Twitter is making more money than ever before—even as it loses monthly active users.
On Thursday, the company announced its latest earnings report, and it was loaded with positive financial news. Twitter reported a record-setting revenue of $909 million in the fourth quarter, a 24-percent increase compared to this time last year. The company also announced it earned $3 billion in revenue last year, a 25 percent increase from 2017.
But even while bringing in record profits, the social media behemoth still faces a major problem: a decline in monthly users.
Twitter reported a total of 321 million monthly users at the end of last year, which means that the microblogging service lost a whopping 5 million users in the last quarter. Twitter’s monthly user base has dropped down the levels it hasn’t seen since the end of 2016. Monthly users have declined on Twitter every quarter since Q1 of last year. It wasn’t exactly growing exponentially before that time either.

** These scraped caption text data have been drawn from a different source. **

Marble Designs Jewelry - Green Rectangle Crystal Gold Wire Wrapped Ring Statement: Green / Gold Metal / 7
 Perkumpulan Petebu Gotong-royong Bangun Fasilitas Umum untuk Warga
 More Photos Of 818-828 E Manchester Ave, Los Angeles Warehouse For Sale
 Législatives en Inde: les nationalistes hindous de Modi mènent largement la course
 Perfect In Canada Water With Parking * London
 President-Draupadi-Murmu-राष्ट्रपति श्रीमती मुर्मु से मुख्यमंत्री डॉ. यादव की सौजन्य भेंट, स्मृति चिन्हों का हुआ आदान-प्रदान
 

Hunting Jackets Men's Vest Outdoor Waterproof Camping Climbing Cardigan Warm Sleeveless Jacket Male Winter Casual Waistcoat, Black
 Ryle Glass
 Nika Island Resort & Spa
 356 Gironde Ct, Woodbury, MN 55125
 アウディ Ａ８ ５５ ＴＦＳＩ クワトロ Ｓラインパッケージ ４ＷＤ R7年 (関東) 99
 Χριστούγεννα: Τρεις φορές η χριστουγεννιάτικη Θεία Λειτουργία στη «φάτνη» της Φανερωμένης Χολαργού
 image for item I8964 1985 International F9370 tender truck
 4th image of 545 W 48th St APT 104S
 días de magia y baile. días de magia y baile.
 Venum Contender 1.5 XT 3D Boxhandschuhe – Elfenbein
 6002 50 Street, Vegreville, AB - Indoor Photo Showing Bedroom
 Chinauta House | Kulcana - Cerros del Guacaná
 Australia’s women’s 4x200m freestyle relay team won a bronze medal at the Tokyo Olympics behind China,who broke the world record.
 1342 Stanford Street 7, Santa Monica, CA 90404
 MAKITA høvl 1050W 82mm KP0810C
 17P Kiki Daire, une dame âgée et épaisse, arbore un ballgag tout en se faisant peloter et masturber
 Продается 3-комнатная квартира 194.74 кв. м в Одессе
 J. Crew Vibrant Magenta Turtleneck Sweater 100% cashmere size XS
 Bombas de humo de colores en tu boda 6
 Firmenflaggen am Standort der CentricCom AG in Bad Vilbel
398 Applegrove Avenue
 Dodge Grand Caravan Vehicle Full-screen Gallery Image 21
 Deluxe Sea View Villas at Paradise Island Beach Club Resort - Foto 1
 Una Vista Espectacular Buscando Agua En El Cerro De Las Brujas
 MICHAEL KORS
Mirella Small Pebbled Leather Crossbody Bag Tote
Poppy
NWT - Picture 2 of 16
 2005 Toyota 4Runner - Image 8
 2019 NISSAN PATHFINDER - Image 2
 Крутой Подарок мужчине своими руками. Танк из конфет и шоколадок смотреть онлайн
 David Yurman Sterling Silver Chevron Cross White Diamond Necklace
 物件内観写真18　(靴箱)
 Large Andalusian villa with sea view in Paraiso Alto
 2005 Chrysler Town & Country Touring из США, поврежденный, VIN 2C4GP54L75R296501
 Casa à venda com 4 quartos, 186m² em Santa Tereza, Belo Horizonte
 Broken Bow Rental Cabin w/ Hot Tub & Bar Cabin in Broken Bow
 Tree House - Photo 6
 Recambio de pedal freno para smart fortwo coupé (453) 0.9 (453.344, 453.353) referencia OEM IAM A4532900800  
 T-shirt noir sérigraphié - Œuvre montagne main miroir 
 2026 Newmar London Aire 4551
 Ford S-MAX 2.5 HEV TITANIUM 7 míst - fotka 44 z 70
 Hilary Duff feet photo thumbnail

One way Twitter will deal with this steady decline in monthly active users is to simply stop reporting them. The company announced that after 2019’s first quarter report, it will no longer report monthly users on the platform.
In place of monthly users, Twitter will report a new metric it’s calling “monetizable daily active users.”
According to Twitter’s earnings report, “Monetizable DAU are Twitter users who log in and access Twitter on any given day through Twitter.com or our Twitter applications that are able to show ads.”
The reason for the change is likely due to the fact that this new metric shows user growth on the platform. Twitter reports that it has 126 million monetizable daily active users, which is an increase from 115 million mDAU just one year prior.
To be fair, one of the reasons for the decline in its monthly users is a conscience choice the company made to clean bots and spam accounts from its platform. After one of the service’s biggest purges of these types of accounts last year, Twitter saw its biggest drop in monthly active users. Yet, during this time it also saw its daily active user metric rise.
While Twitter is a much smaller than, say, Facebook with its 1.52 billion daily active users, its latest metrics might actually be the most accurate portrayal of any social network’s user base. A report that came out just last month claims that half of Facebook’s users may very well be fake.
This doesn’t totally absolve Twitter from its problems, however. A health, growing platform would still record some sort of positive user growth. In fact, Snapchat, a younger and mobile-only platform, just reported a larger daily active userbase than Twitter. There’s also no good excuse for Twitter to be less transparent with its move to no longer report its monthly user numbers in the future.
Twitter recently stated that one of its main priorities going forward is conversation on the platform. With this new information on how the company is focusing on daily active users, it makes sense. Regardless, the social network still desperately needs to figure out a way to grow.